Analyzing Learned Molecular Representations for Property Prediction

Advancements in neural machinery have led to a wide range of algorithmic solutions for molecular property prediction. Two classes of models in particular have yielded promising results: neural networks applied to computed molecular fingerprints or expert-crafted descriptors and graph convolutional neural networks that construct a learned molecular representation by operating on the graph structure of the molecule. However, recent literature has yet to clearly determine which of these two methods is superior when generalizing to new chemical space. Furthermore, prior research has rarely examined these new models in industry research settings in comparison to existing employed models. In this paper, they benchmark models extensively on 19 public and 16 proprietary industrial data sets spanning a wide variety of chemical end points. In addition, they introduce a graph convolutional model that consistently matches or outperforms models using fixed molecular descriptors as well as previous graph neural architectures on both public and proprietary data sets. Their empirical findings indicate that while approaches based on these representations have yet to reach the level of experimental reproducibility, their proposed model nevertheless offers significant improvements over models currently used in industrial workflows.

Molecular property prediction, one of the oldest cheminformatics tasks, has received new attention in light of recent advancements in deep neural networks. These architectures either operate over fixed molecular fingerprints common in traditional QSAR models, or they learn their own task-specific representations using graph convolutions. Both approaches are reported to yield substantial performance gains, raising state-of-the-art accuracy in property prediction.

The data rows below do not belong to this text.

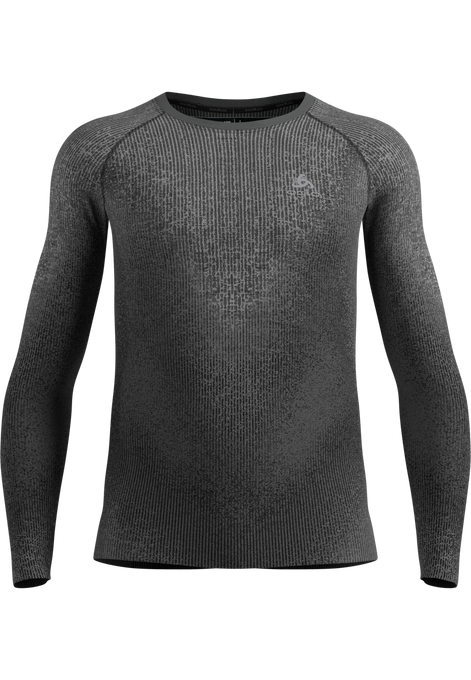 Tricou Termic Odlo Perfomance Warm Blackcomb BL Top Crew Neck L/S Man Black - 2025/26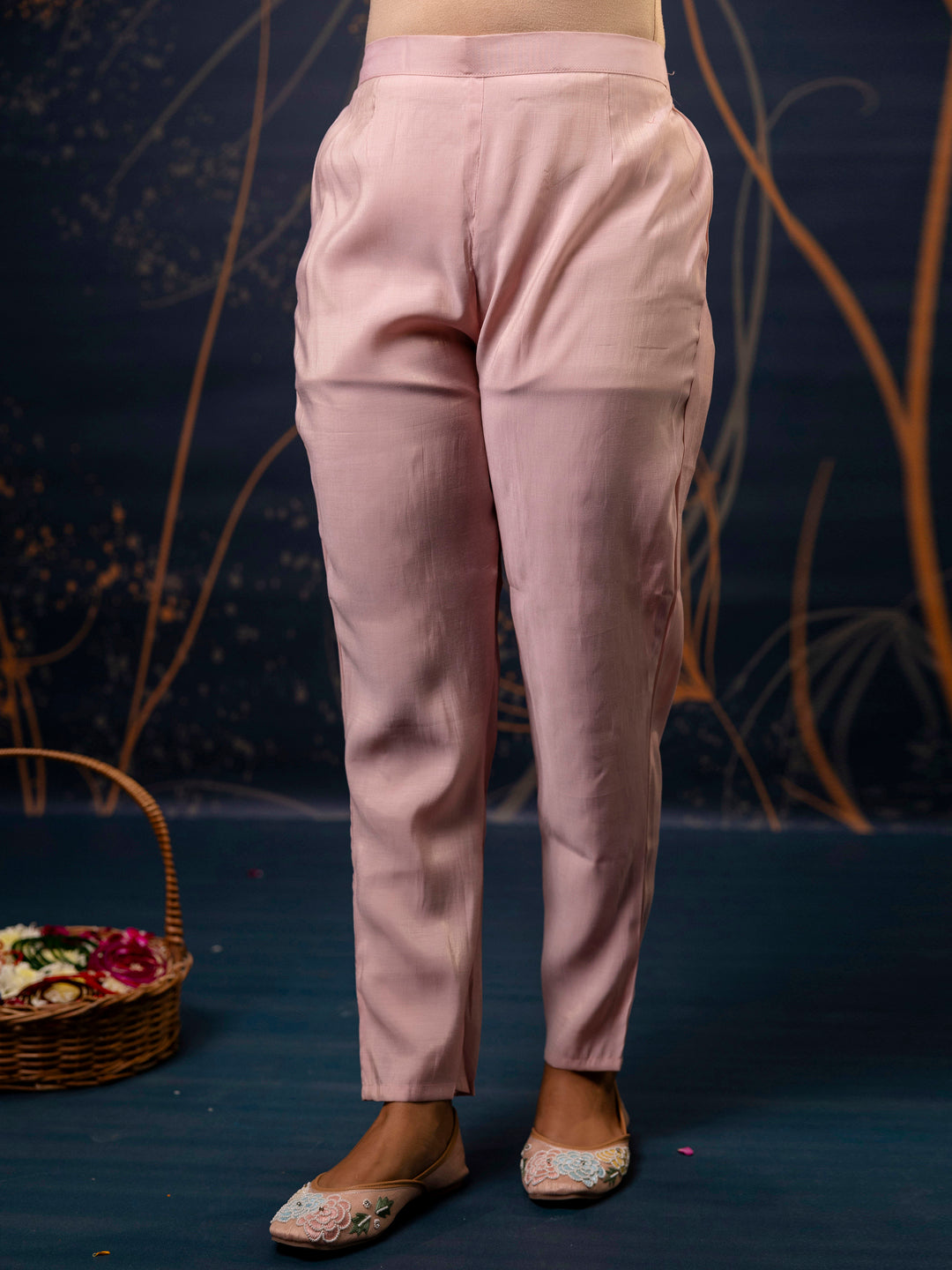 Women Kurta and Pant Sets Simar Silk fabric - FitVibe Fashion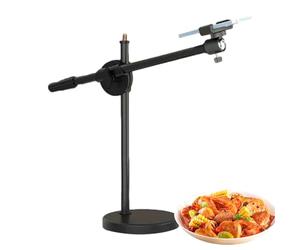Overhead Di Anello Light - Respuglio A Anello Selfie Regolabile | Luci Aeree Con Supporto Per Telefono | Stand Per Treppiede Per Montaggio Per Fotocamera Flessibile, Impianto Di Illuminazione A LED Pe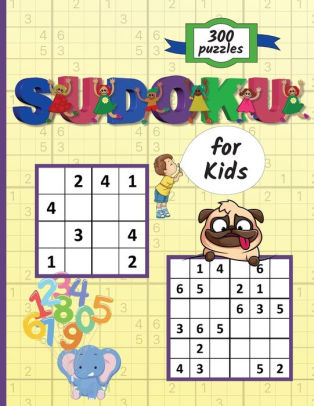 sudoku for kids easy and fun sudoku puzzles for kids and beginners 4x4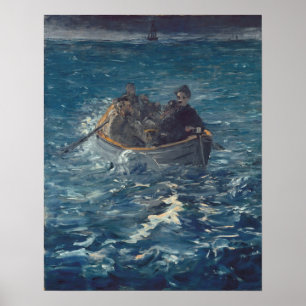 Póster Manet - Escapar De Rochefort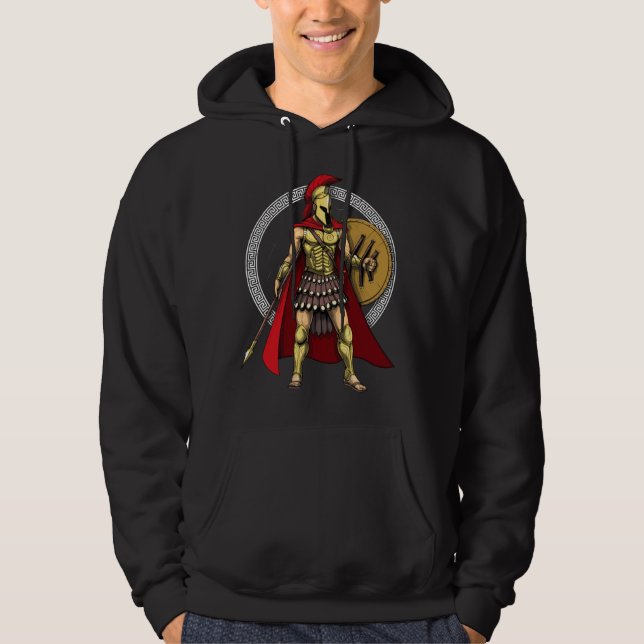 Spartan Warrior Hoodie (Framsida)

Despite these successes, many questions remain unanswered.

The first question concerns the comparison between learned molecular representations and fingerprints or descriptors. Unfortunately, current published results on this topic do not provide a clear answer. Wu et al.demonstrate that convolution-based models typically outperform fingerprint-based models, while experiments reported in Mayr et al. report the opposite. Part of these discrepancies can be attributed to differences in evaluation setup, including the way data sets are constructed. This leads us to a broader question concerning current evaluation protocols and their capacity to measure the generalization power of a method when applied to a new chemical space, as is common in drug discovery. Unless special care is taken to replicate this distributional shift in evaluation, neural models may overfit the training data but still score highly on the test data. This is particularly true for convolutional models that can learn a poor molecular representation by memorizing the molecular scaffolds in the training data and thereby fail to generalize to new ones. Therefore, a meaningful evaluation of property prediction models needs to account explicitly for scaffold overlap between train and test data in light of generalization requirements.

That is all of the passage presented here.